## Information shown:
________________________________________

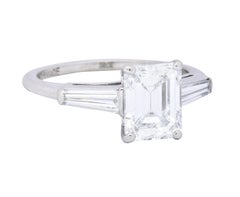 1950s Retro 2.03 Carat Diamond Platinum Three-Stone Engagement Ring GIA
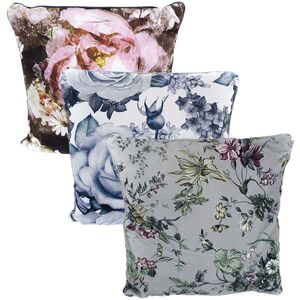 Samt Dekokissen 45 x 45 cm Couchkissen mit Blumenmuster und Rei�verschluss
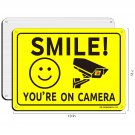 Smile You're on Camera Sign, Video Surveillance Sign - 2 Pack - 7 x 10 Inch NEW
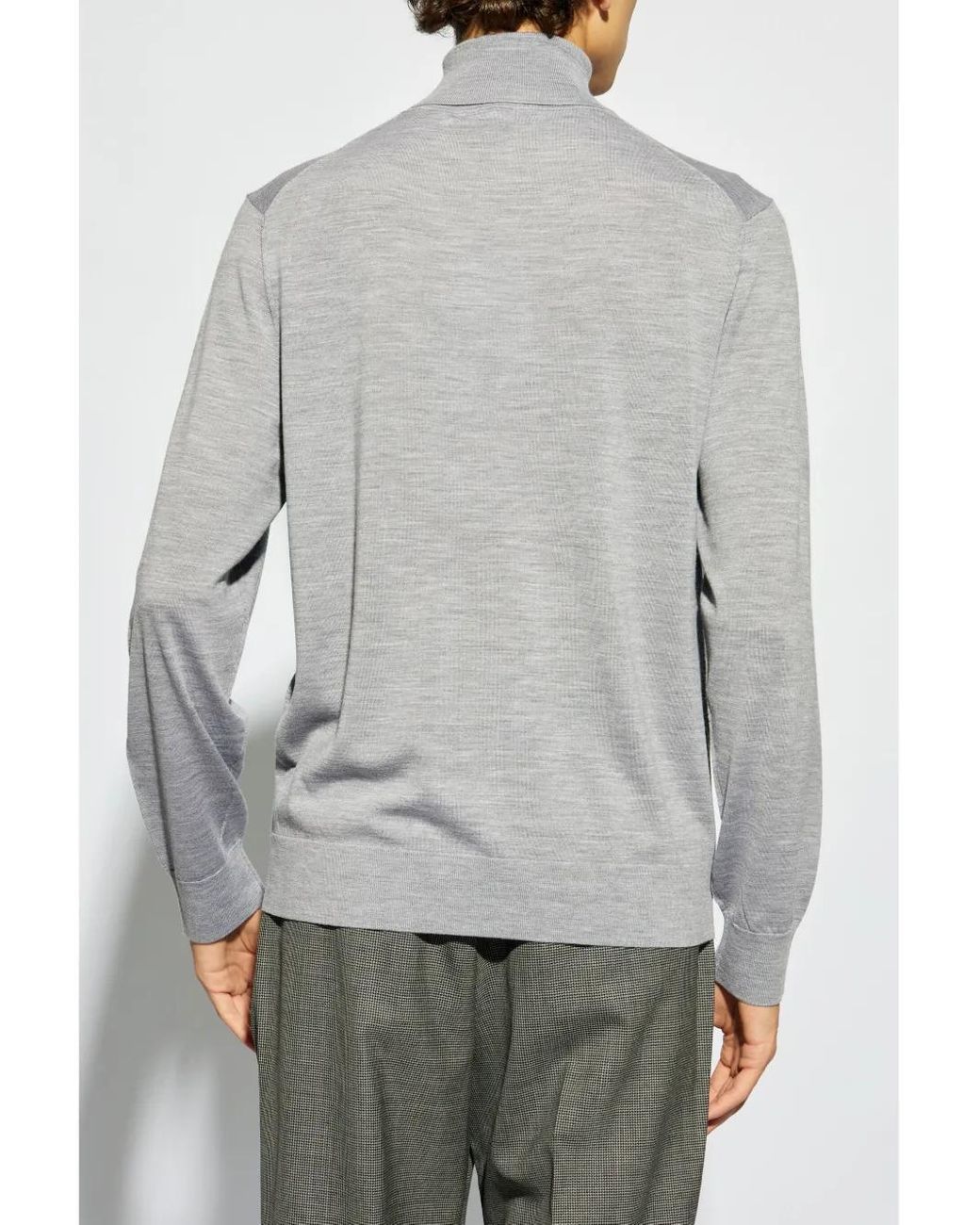 Theory Gray Roll-Neck Jumper for men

________________________________________

## Task:
Each line from the one that holds "Samt Dekokissen 45" through the end of the material should be repeated exactly, and nothing more. Leave out any picture.

## Written answer:
 Samt Dekokissen 45 x 45 cm Couchkissen mit Blumenmuster und Rei�verschluss
 Smile You're on Camera Sign, Video Surveillance Sign - 2 Pack - 7 x 10 Inch NEW
 Theory Gray Roll-Neck Jumper for men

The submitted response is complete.